Затем наступил черед демонстрации. Мураками устроился перед пультом управления, его помощники встали вокруг уменьшенной копии Башни, к которой были прикованы взгляды всех присутствующих. Заработали мехи, шум стоял такой, что музыкант вынужден был говорить в мегафон. «Согласно моим расчетам, — выкрикнул он, — Башню можно ввести в резонанс потоком воздуха определенной мощности! Нет ни одной проектировочной ошибки: инженеры Эйфеля — Нугье, Кёхлин и Ко — были точны во всем. Но я с помощью моего искусства создал необходимые условия, чтобы Башня запела, условия, не могущие возникнуть естественным образом».
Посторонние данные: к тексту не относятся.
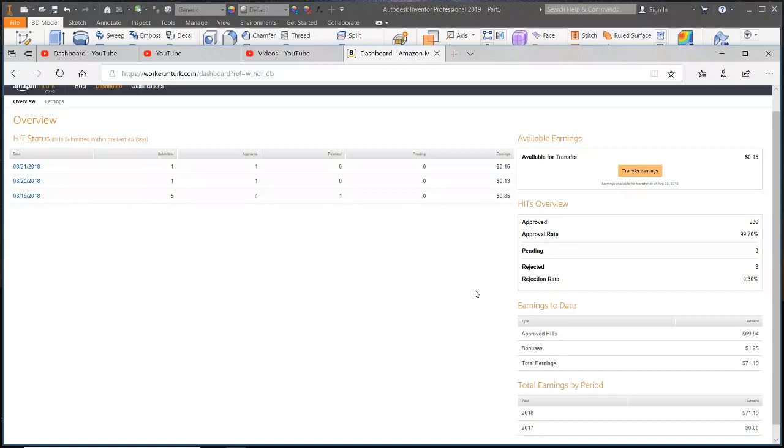I kind of feel like MTurk pretty much sucks, especially if you actually have a college degree. It's definitely not going to replace your income. It's barely going to give you any extra spending money if you can't spend all day on it.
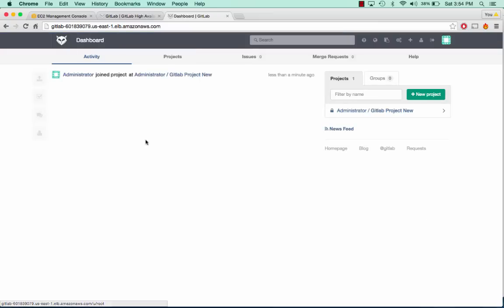That is GitLab high availability. I know it was a pretty lengthy tutorial, but as long as you followed everything step by step you should be good to go. If you have any questions, comments, or concerns, please leave them in the comments section below. Please remember to like and subscribe. Thank you so much for watching.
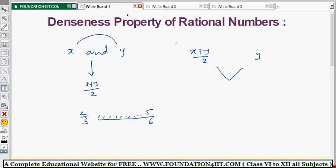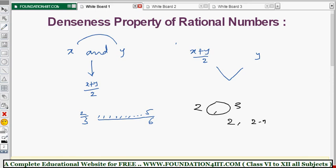The denseness property means by repeated use of this property we can get infinitely many rational numbers between any two rational numbers. Even between 2 and 3, or between 2 and 2.1, there will be infinitely many rational numbers. Using this property you can solve related problems as well.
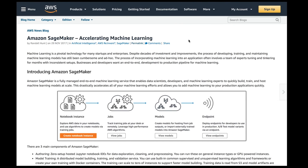Good morning everyone, this is Julian here. Today I want to talk about a brand new service announced at re:Invent yesterday — it's called Amazon SageMaker. In a nutshell, it's really everything that you need to define, train, and deploy machine learning and deep learning models. I'm very excited about it. Here's the blog post that announced it, but let me dive directly into the service.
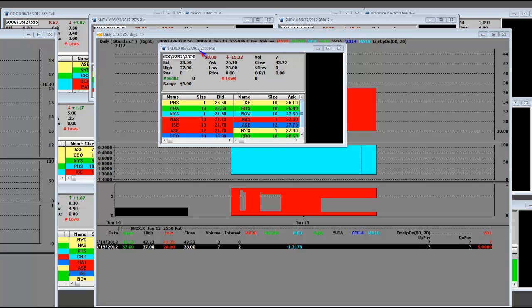The 6.22 weekly 25.50 put was marked down 15.22 handles. Look at that, close was 43, the high was 37, and that means that this got marked down on a weekly level and did it big time.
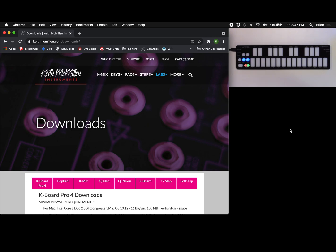This is Eric with Keith McMillan Instruments. Today I'm going to show you how to map our QNexus to Apple Logic using MPE and to control a soft synth called Alchemy.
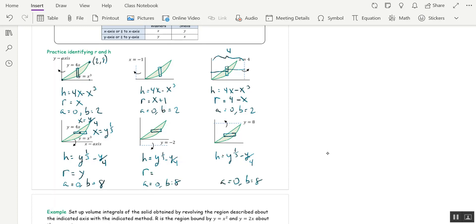The radius for the second picture on the bottom row, rotating around a horizontal axis below the x-axis, is y plus 2. And for the last picture, the radius is the whole distance 8 minus y.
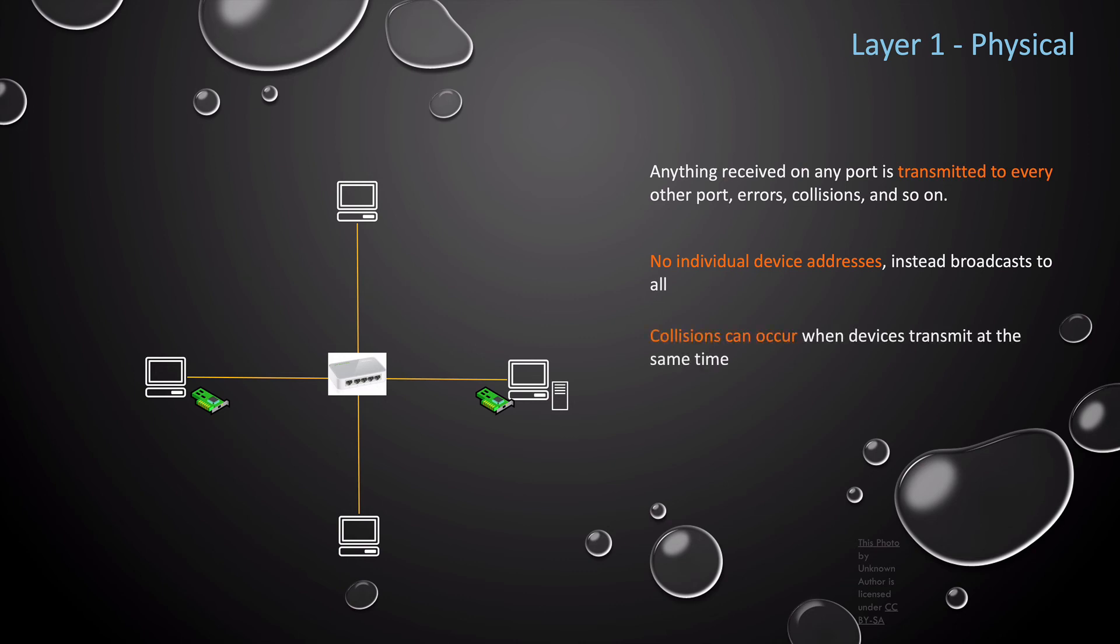At layer one, two devices on the network can also try transmitting at the same time, which will cause a collision on your network. Collisions corrupt the transmission of data. At layer one, only one transmission can occur.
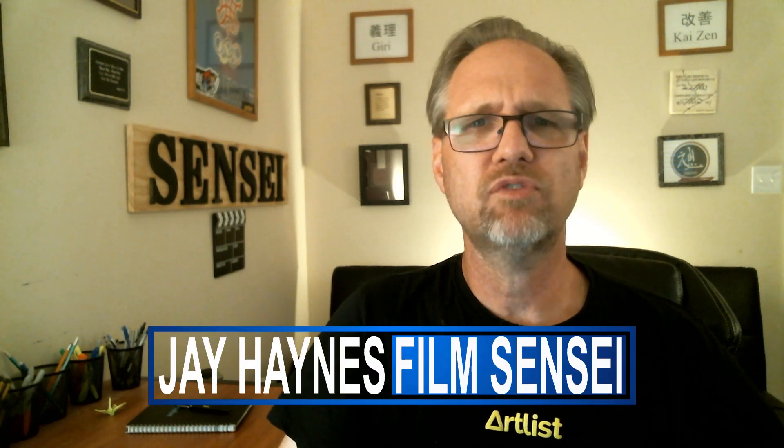Jay Haynes for the Film Sensei YouTube channel. Today in this video I'm going to show you a super fast typewriter effect that is done on the editor timeline in HitFilm Pro.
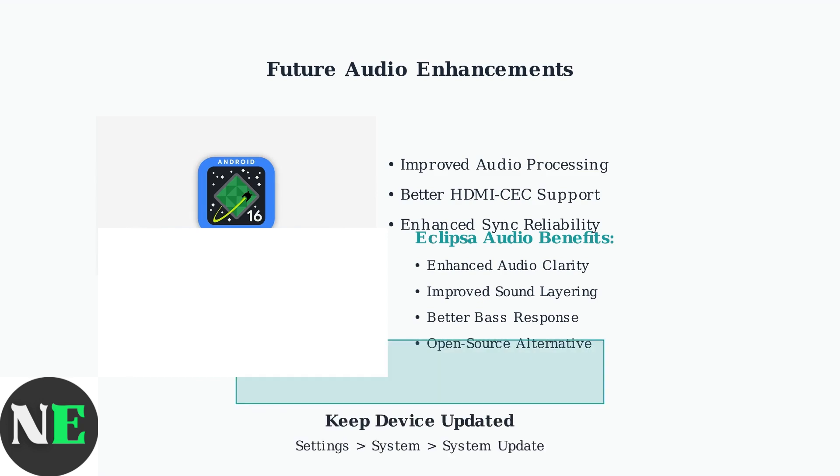To benefit from these improvements, keep your Google TV Streamer updated. Enable automatic updates in your device settings to ensure you receive these audio enhancements as soon as they're available.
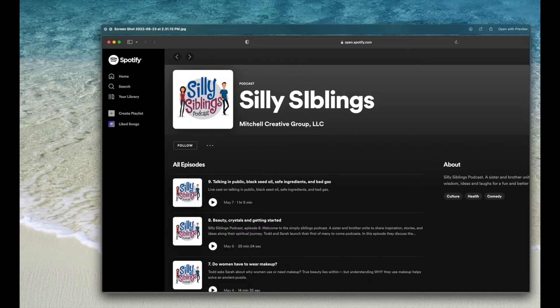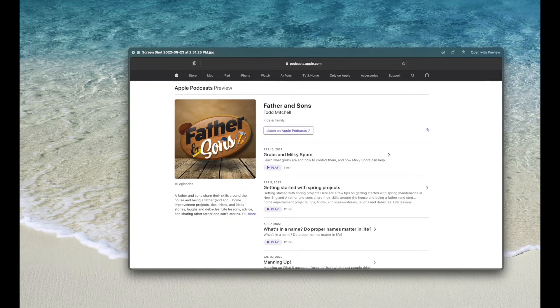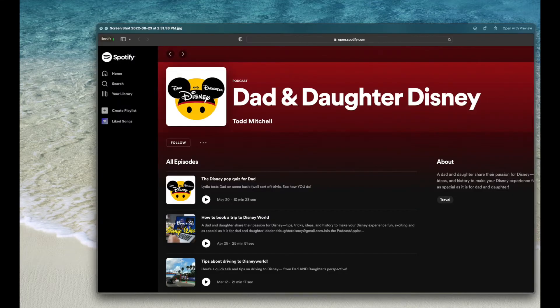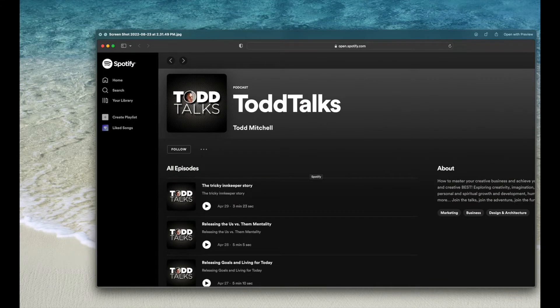I have created several podcasts and produced several podcasts over the years. Some of my own, but I'm starting to do many others for other people.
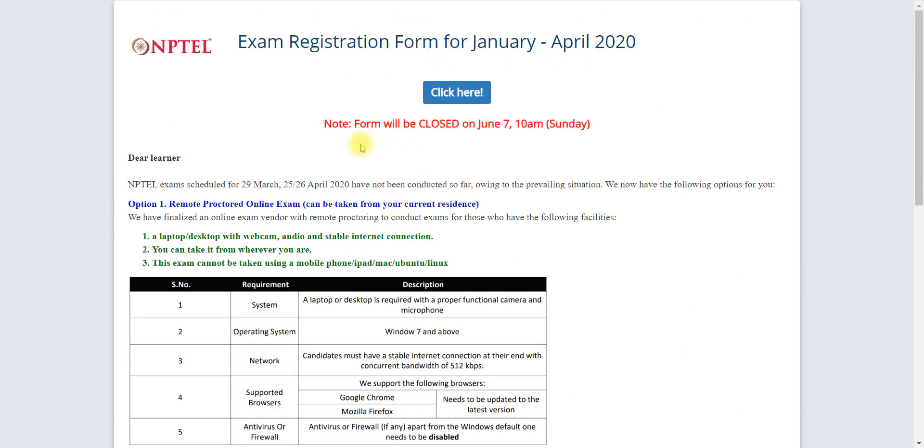This is about cancellation and how to fill, and the last date is 7th June. Up to 7th June you have to apply. If you want to refund or if you want to change your exam center or select your mode of examination, then only you have until 7th June 10 AM, that is the last date to apply.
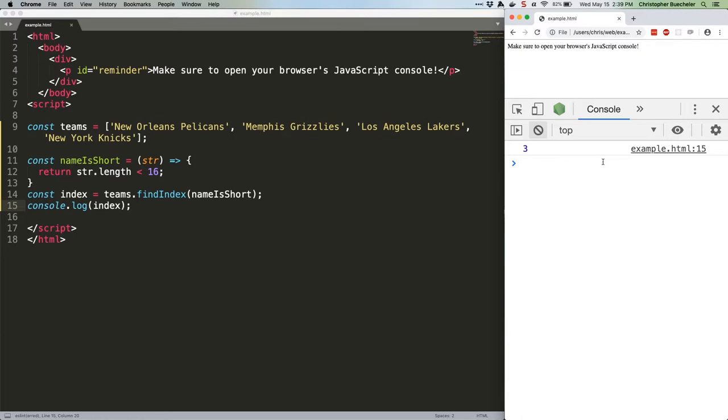It's important to note that this method only gives you the index for the first time the function returns true. So if we had a larger array that included, say, the Phoenix Suns, we'd still get three as the result because the Knicks would be the first value that returns true. If you want a list of all items that match, you need to be using array.find, which we covered all the way back in JS Quick Hits 1.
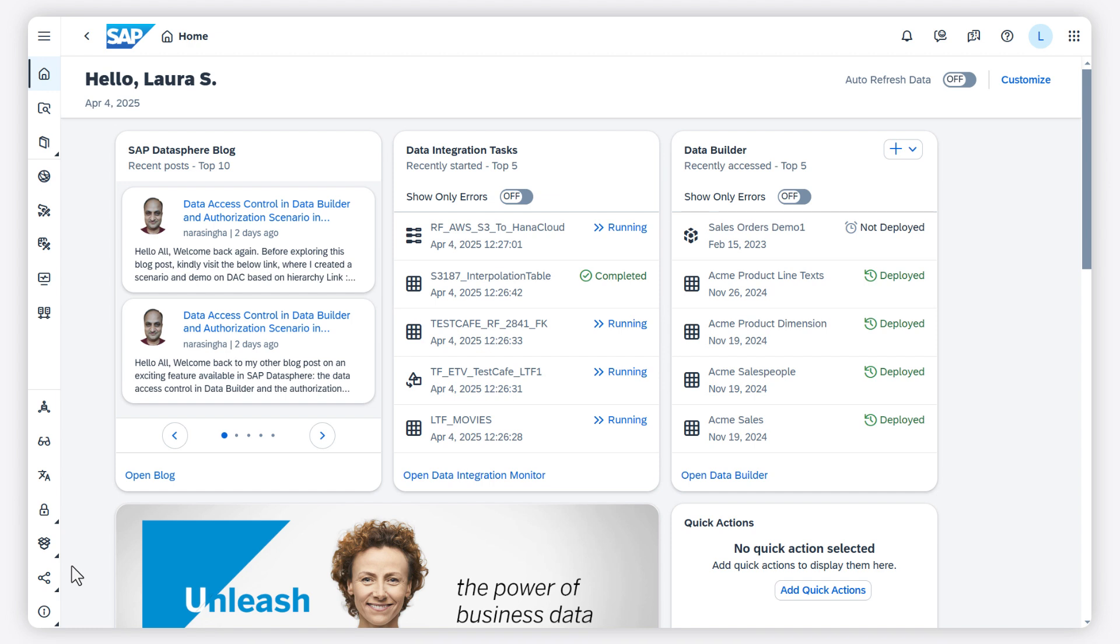To save you time and effort when searching for objects in the repository explorer, the source browser, or the data builder, you can use Natural Language Search, which gets interpreted by SAP Business AI.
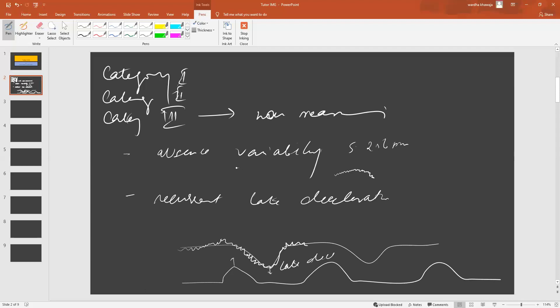Why am I focusing so much on variability? Because variability is one of the most important factors in determining course of action. So, this is late deceleration.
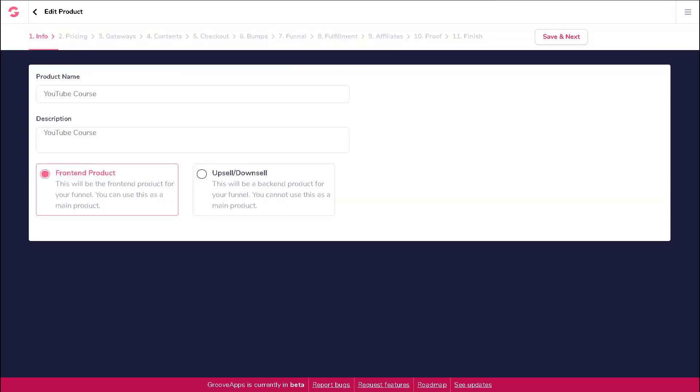This will bring up the edit product screen where you will be able to enter or edit the information of your product.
На приборах, размещенных у подножия макета, зажглись лампочки, шестерни сцепились, стальные рычаги вздрогнули, зазубренные пасти распахнулись; весь этот механический зверинец выглядел весьма занимательно, но мы не понимали ни как все это работает, ни для чего предназначено. «Начинается!» — рыкнул Мураками, крутя свои потенциометры. И тут, к нашему превеликому изумлению, миниатюрная Эйфелева башня издала долгий могучий рев; опоры ее дрожали; это и впрямь напоминало пение китов в океанских глубинах. Шум стоял невероятный, как на заводе; мы были загипнотизированы. Крик усилился и стих; за ним последовал другой, более высокий и пронзительный, затем третий, тоном ниже. Мураками начал играть первую часть «Всемирной выставки», дал нам понаслаждаться минут десять, после чего закончил представление, чтобы, по его собственным словам, «охладить Башню». Лоб у него вспотел, щеки раскраснелись, он сделал знак одному из ассистентов, пригласил нас осмотреть аппаратуру и постарался объяснить, как она работает.